Supplied data:

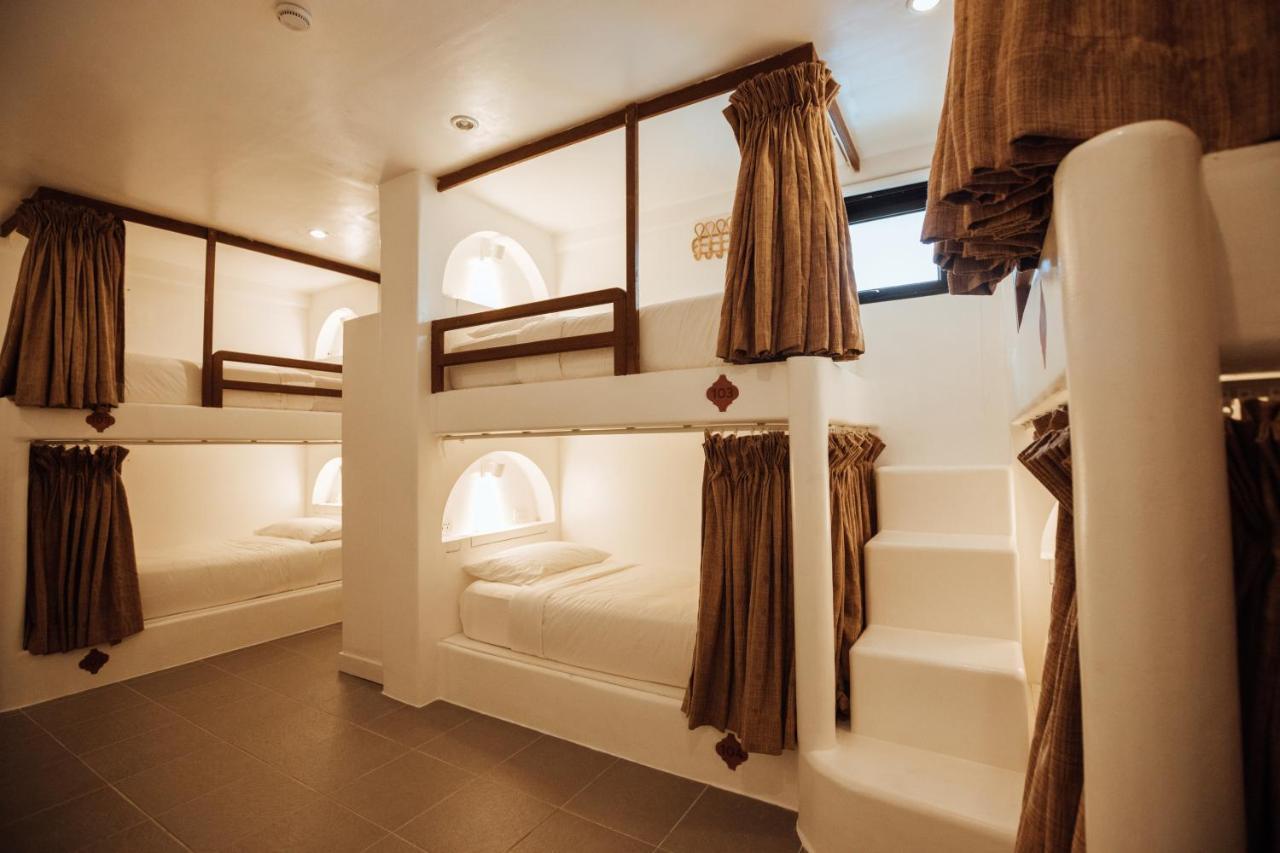 Hostel Bajala Siargao เจเนอรัลลูนา ภายนอก รูปภาพ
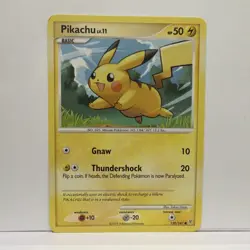 Pikachu Common Supreme Victors 120 Pokemon TCG - Image 1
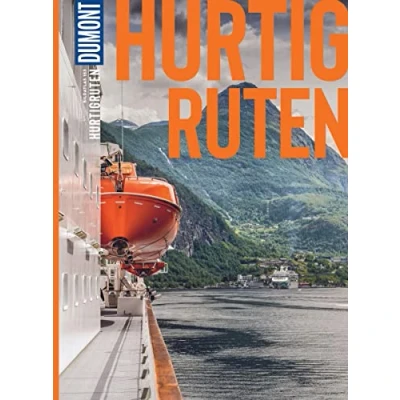 Abbildung von DuMont Bildatlas Hurtigruten: Das praktische Reisemagazin zur Einstimmung.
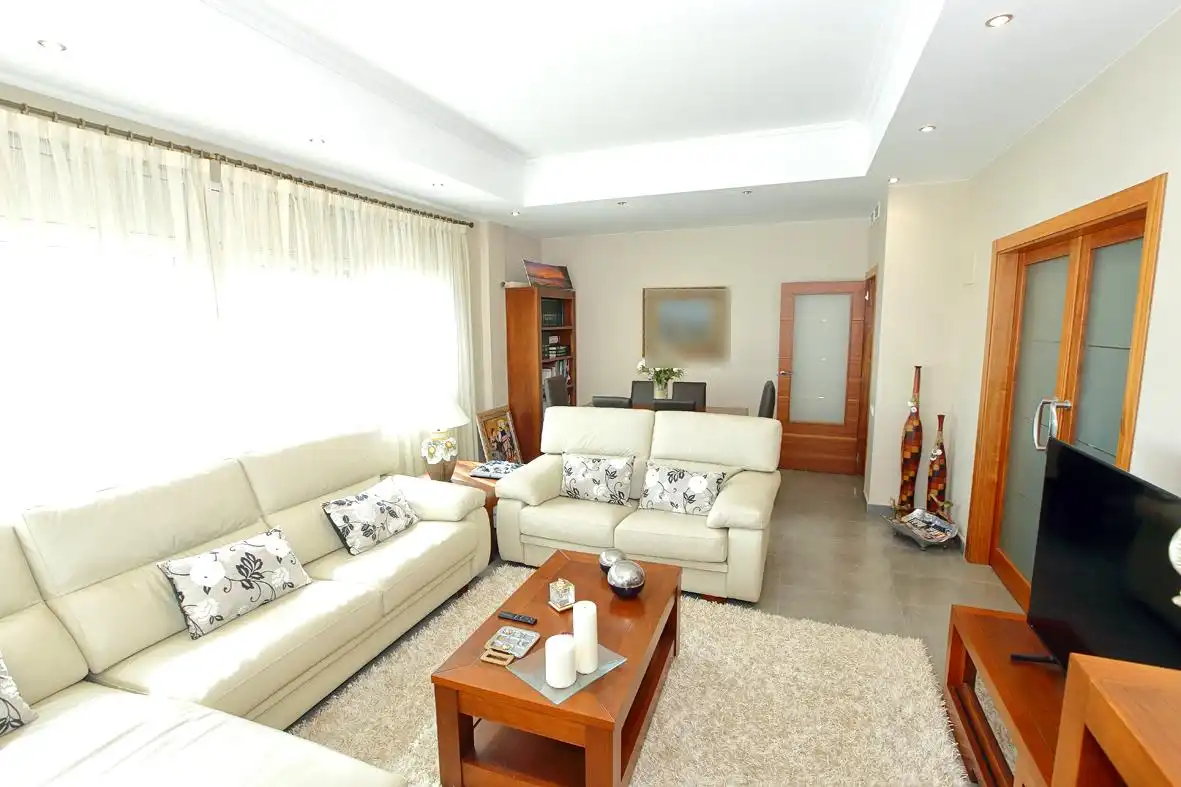 Sala de estar de Casa o chalet en venta en Alcanar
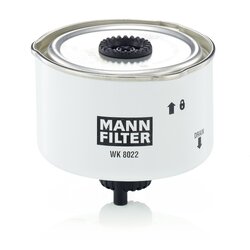 Fuel Filter MANN & HUMMEL MANN FILTER WK8022x OE Ref LR 009705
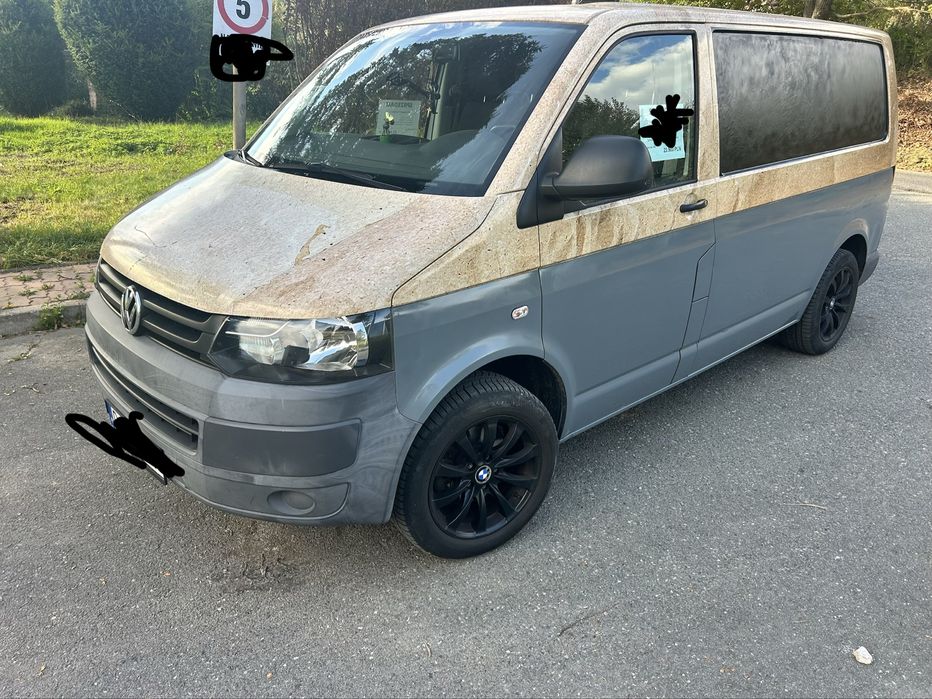 Volkswagen transporter T5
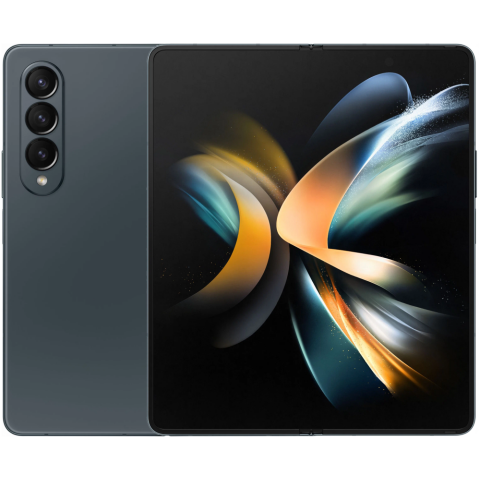 Смартфон Samsung Galaxy Z Fold4 12/256Gb Grey (SM-F936BZADMEC)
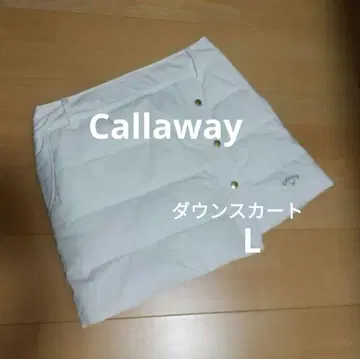 Callaway 골프웨어 다운 스커트 경량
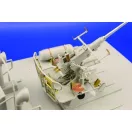 Eduard Elco PT-596 Torpedoboot für Italeri-Bausatz fotómaratás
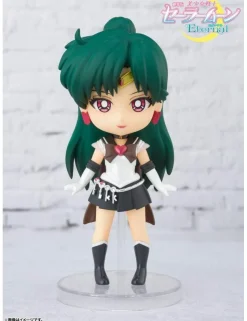 Bandai Figuarts Mini Sailor Moon Super Sailor Pluto Eternal Edition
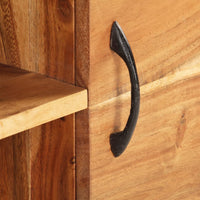 Iluna Acacia Wood Sideboard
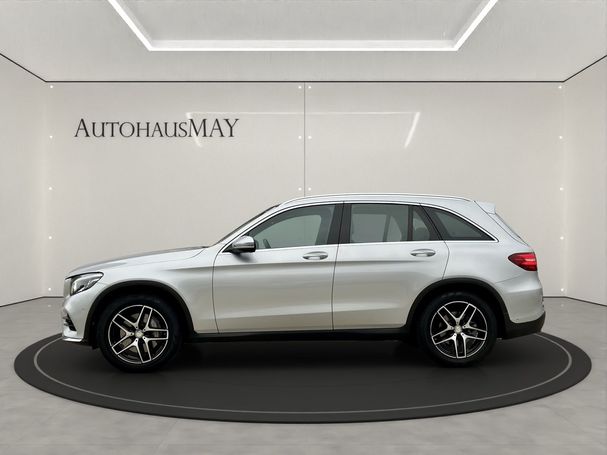 Mercedes-Benz GLC 220 d 4Matic 125 kW image number 4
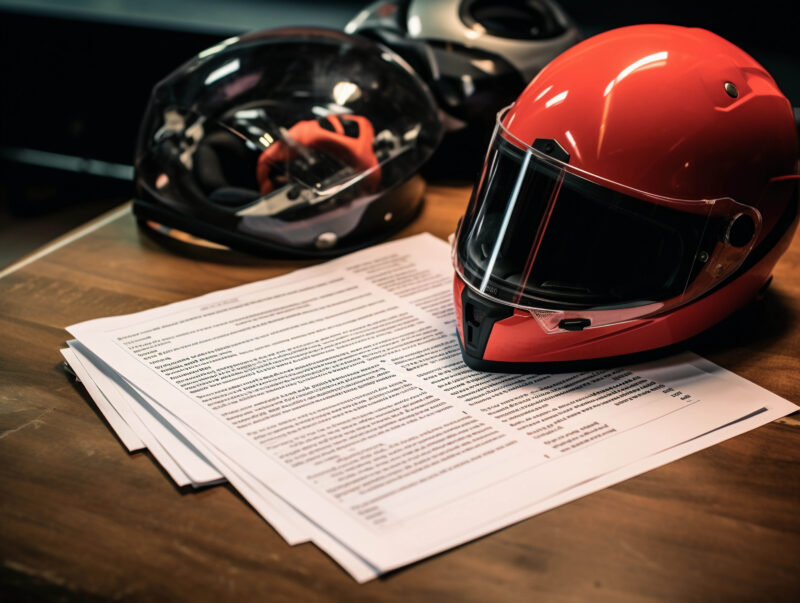 Motorbike documents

About this task: Extract the entries in full, exactly as they are, minus the pictures.

Result:
 Hostel Bajala Siargao เจเนอรัลลูนา ภายนอก รูปภาพ
 Pikachu Common Supreme Victors 120 Pokemon TCG - Image 1
 Abbildung von DuMont Bildatlas Hurtigruten: Das praktische Reisemagazin zur Einstimmung.
 Sala de estar de Casa o chalet en venta en Alcanar
 Fuel Filter MANN & HUMMEL MANN FILTER WK8022x OE Ref LR 009705
 Volkswagen transporter T5
 Смартфон Samsung Galaxy Z Fold4 12/256Gb Grey (SM-F936BZADMEC)
 Callaway 골프웨어 다운 스커트 경량
 Eduard Elco PT-596 Torpedoboot für Italeri-Bausatz fotómaratás
 Bandai Figuarts Mini Sailor Moon Super Sailor Pluto Eternal Edition
 Iluna Acacia Wood Sideboard
 Mercedes-Benz GLC 220 d 4Matic 125 kW image number 4
 Motorbike documents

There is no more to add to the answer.